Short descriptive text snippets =

☆ ☆ ☆ ☆

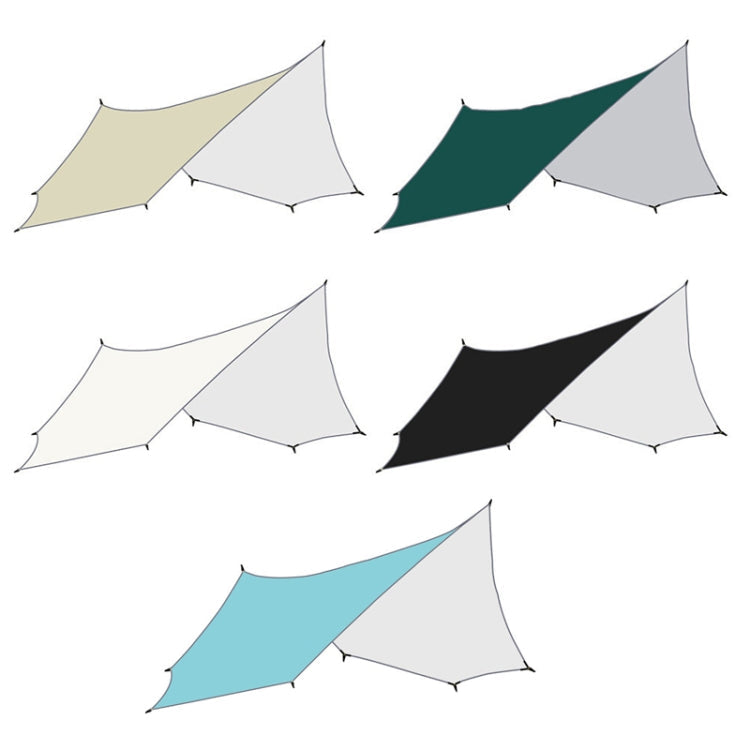 Outdoor Octagonal Curtain Tent Rain and Sun Protection Camping Sunshade Pergola, White, Green, Khaki, Black, Blue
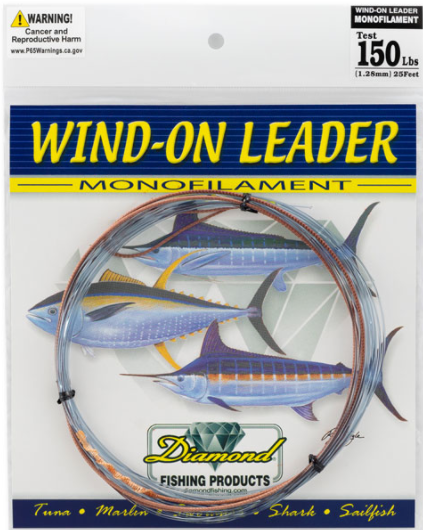Diamond - 25ft Monofilament Wind-On Leaders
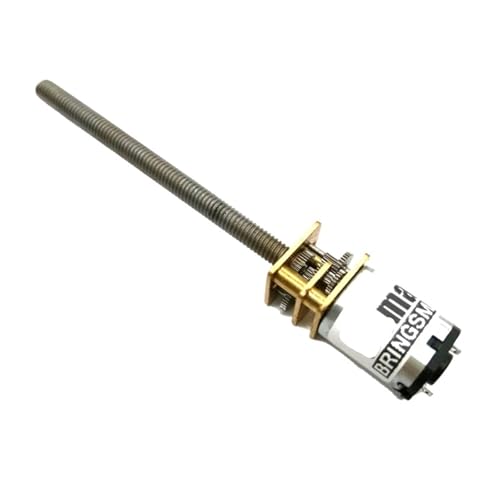 Gewindewelle M4 55 mm DC-Getriebemotor 15/50/60/100/200/300/500 U/min Elektrischer Schraubenreduzierer Angepasst N20 3 V 6 V 12 V(250RPM_6V) von DCJJLWIG
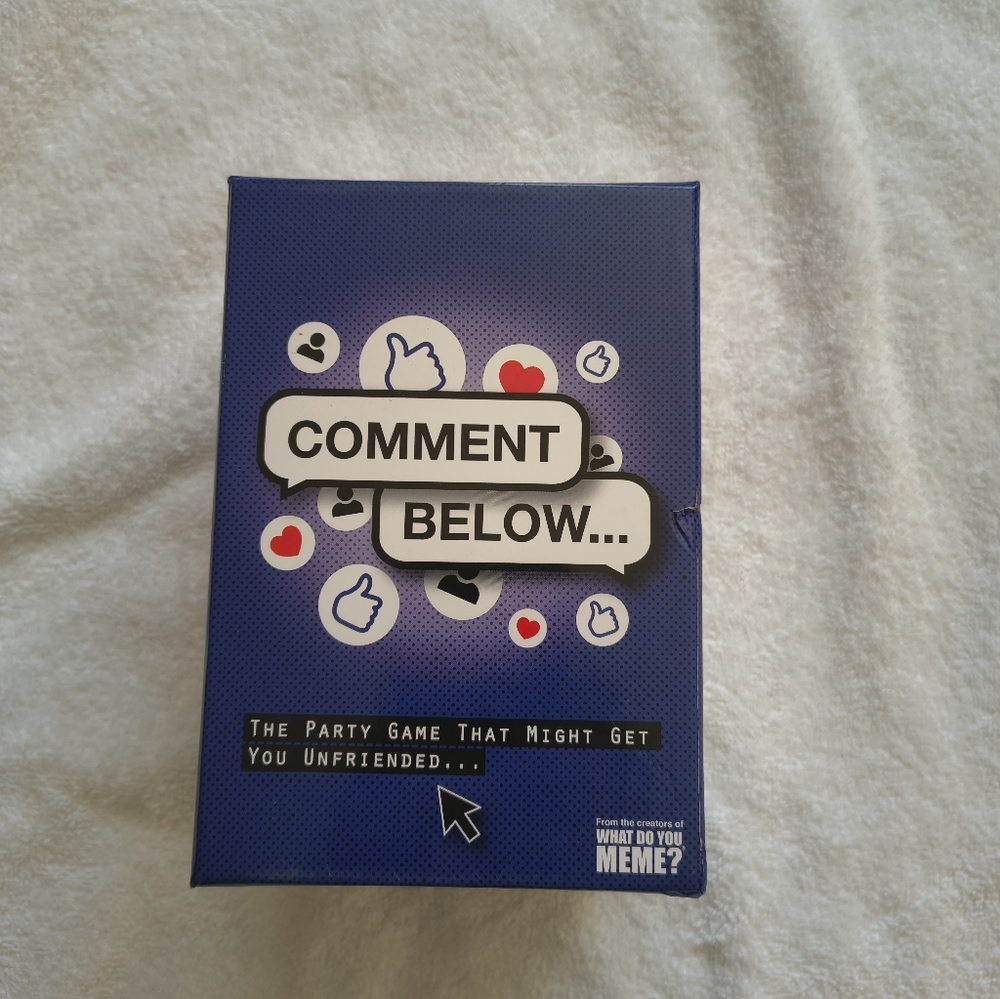 Comment Below Party Game from What Do You Meme creators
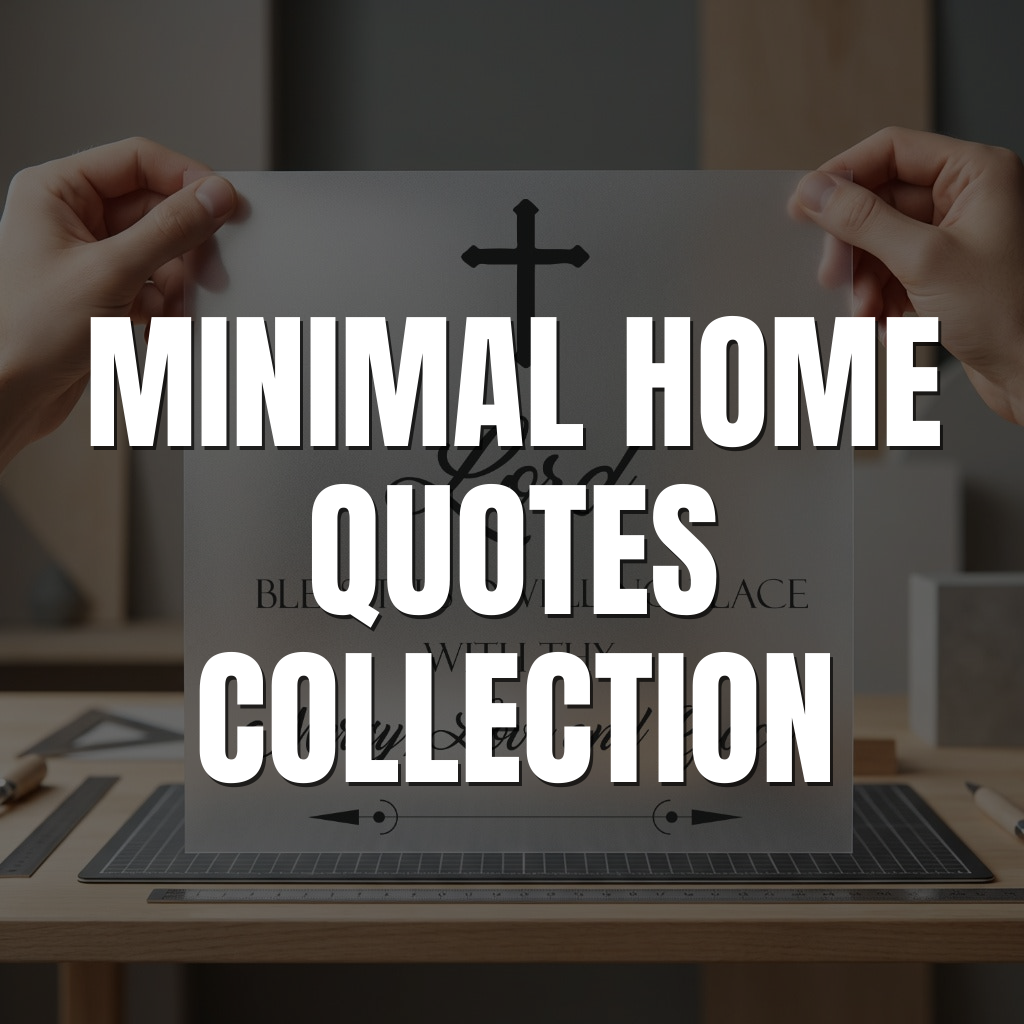 Minimal Home Quotes Collection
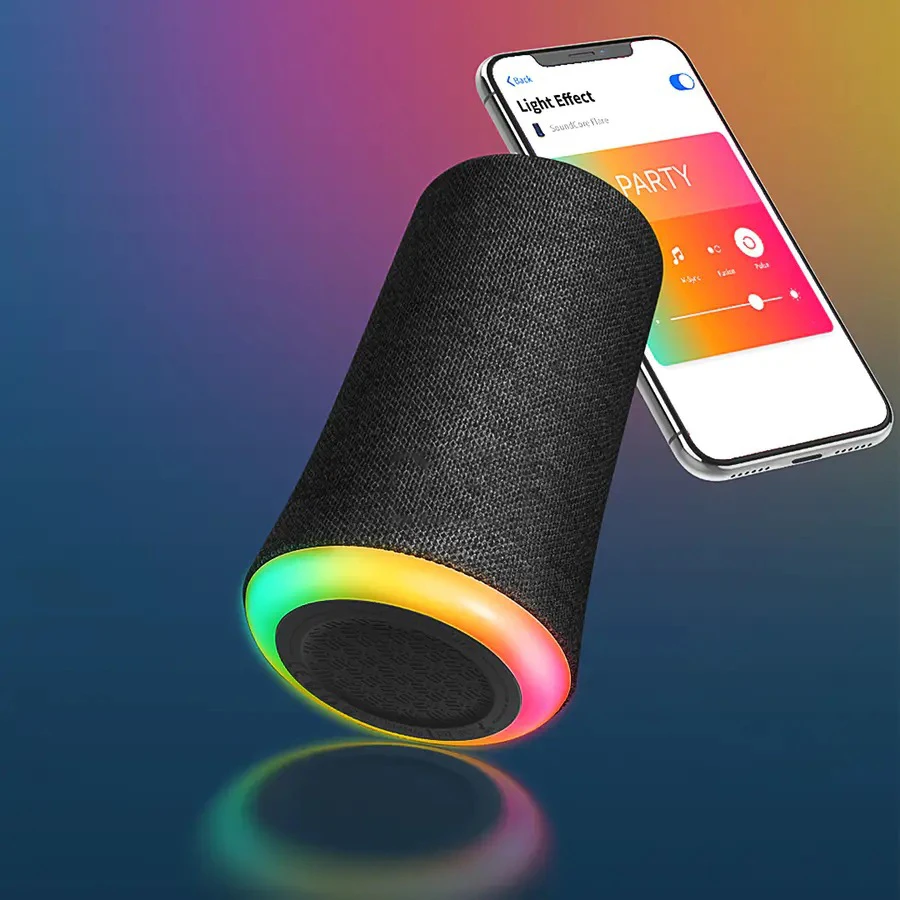 flare outdoor IPX7 waterproof LED light EQ adjustment speaker 360 degree surround sound speaker Y2296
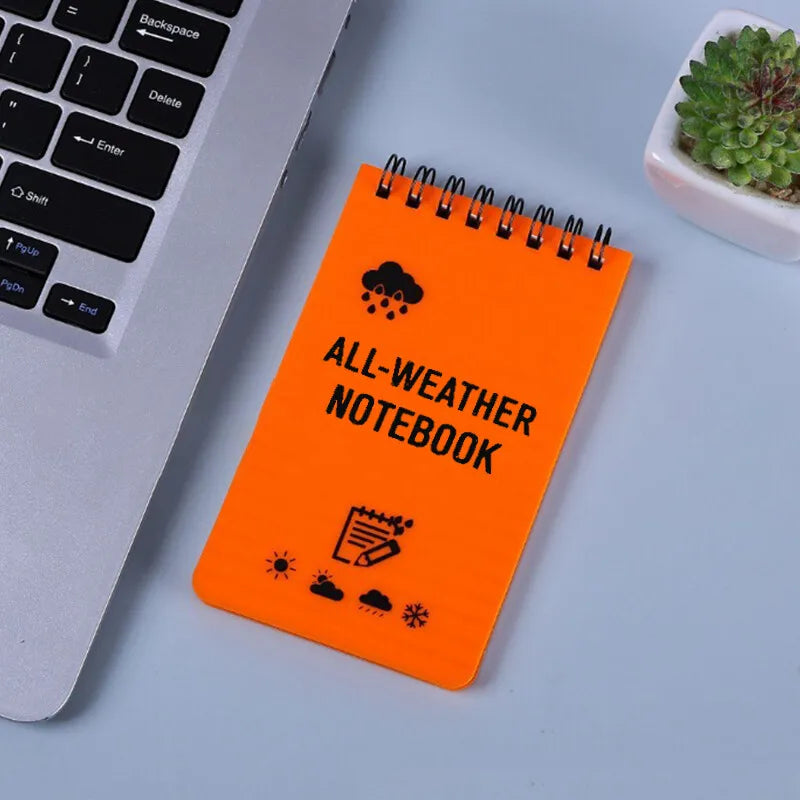 1pc Waterproof Pocket Notebook Tactical Mini Memo Pad With Lined Pages Spiral Notebook Mini Memo Pad Note Pads Office Supplies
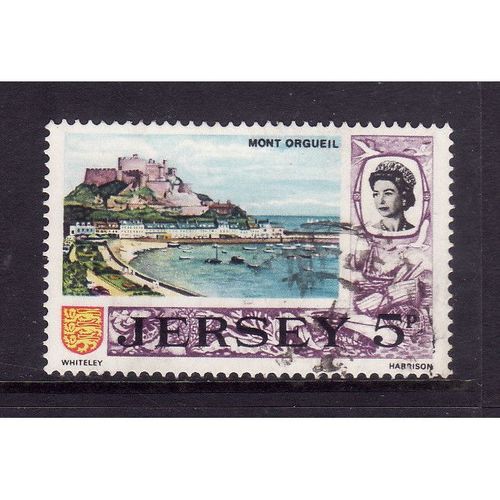 JERSY 1970 SG 50 5p MONTORGUEIL CASTLE FINE USED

☆ ☆ ☆ ☆

Give back exactly the lines from the first line of the data through the line with "flare outdoor IPX7", pictures excluded.

 Outdoor Octagonal Curtain Tent Rain and Sun Protection Camping Sunshade Pergola, White, Green, Khaki, Black, Blue
Diamond - 25ft Monofilament Wind-On Leaders
 Gewindewelle M4 55 mm DC-Getriebemotor 15/50/60/100/200/300/500 U/min Elektrischer Schraubenreduzierer Angepasst N20 3 V 6 V 12 V(250RPM_6V) von DCJJLWIG
 Comment Below Party Game from What Do You Meme creators
 Minimal Home Quotes Collection
 flare outdoor IPX7 waterproof LED light EQ adjustment speaker 360 degree surround sound speaker Y2296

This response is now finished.